++++ Excerpted data ++++

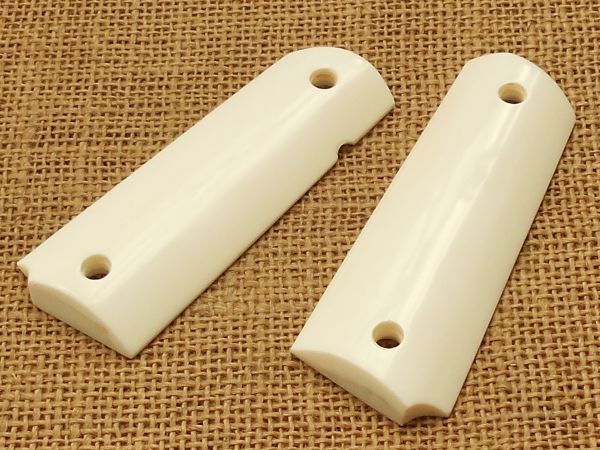コルト 1911 ガバメント系 フルサイズ 牛骨 グリップ(スムース）未使用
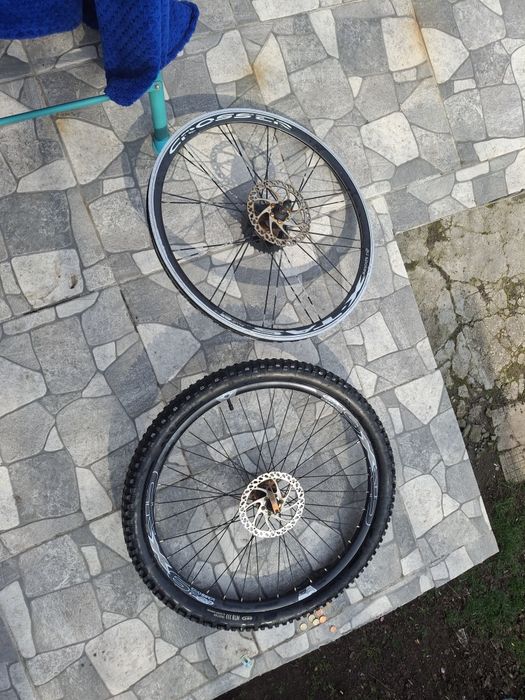 Една капла със диск и капла със външна гума вътрешна и диск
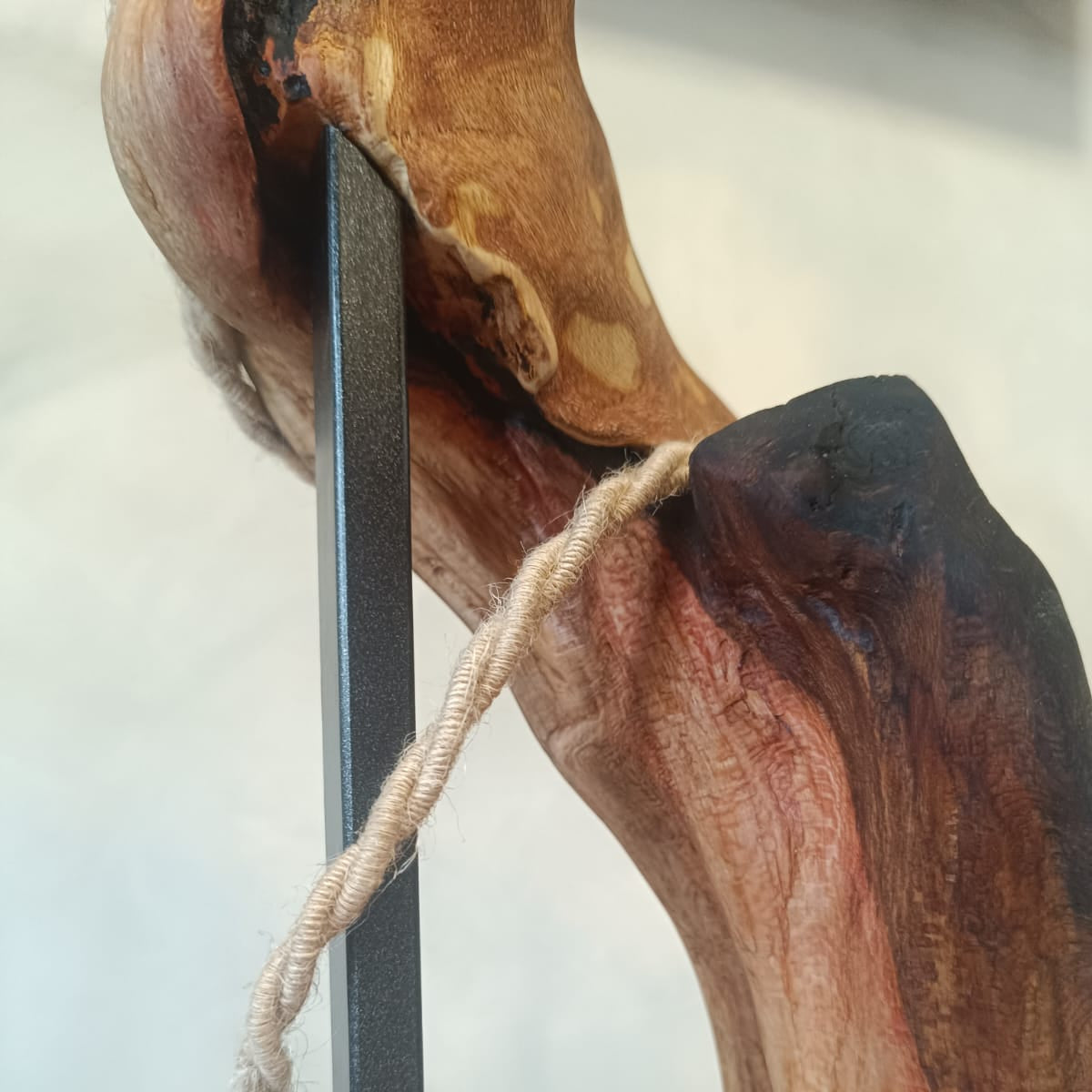 Lampada da Tavolo in Faggio con Corda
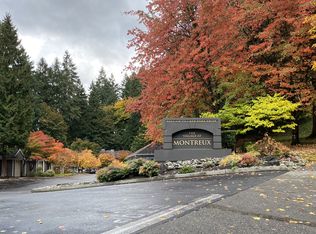 5000 NW Village Park Dr APT A105, Issaquah, WA 98027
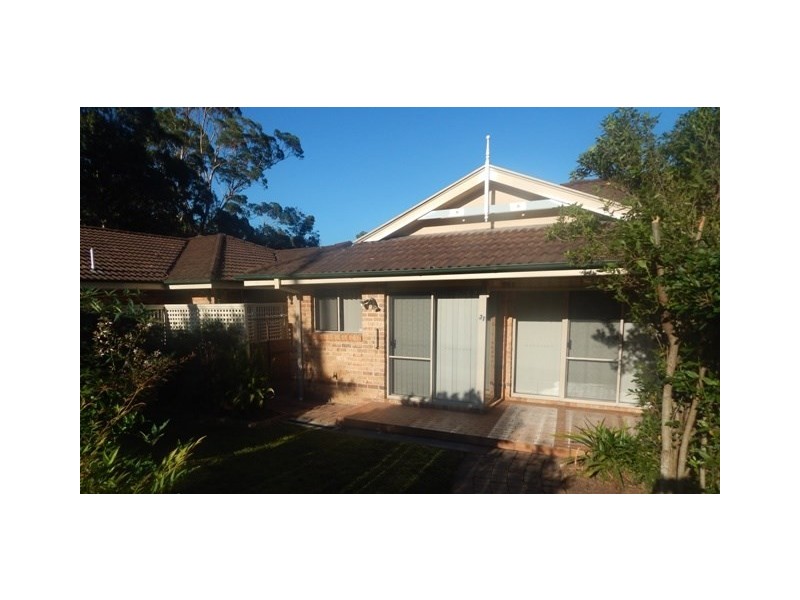 31/12-20 Kinnara Avenue, Wyoming NSW 2250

++++

- Exercise instructions -
Return an exact transcription of the material, with its pictures left out.

- Task solution -
コルト 1911 ガバメント系 フルサイズ 牛骨 グリップ(スムース）未使用
 Една капла със диск и капла със външна гума вътрешна и диск
 Lampada da Tavolo in Faggio con Corda
 5000 NW Village Park Dr APT A105, Issaquah, WA 98027
 31/12-20 Kinnara Avenue, Wyoming NSW 2250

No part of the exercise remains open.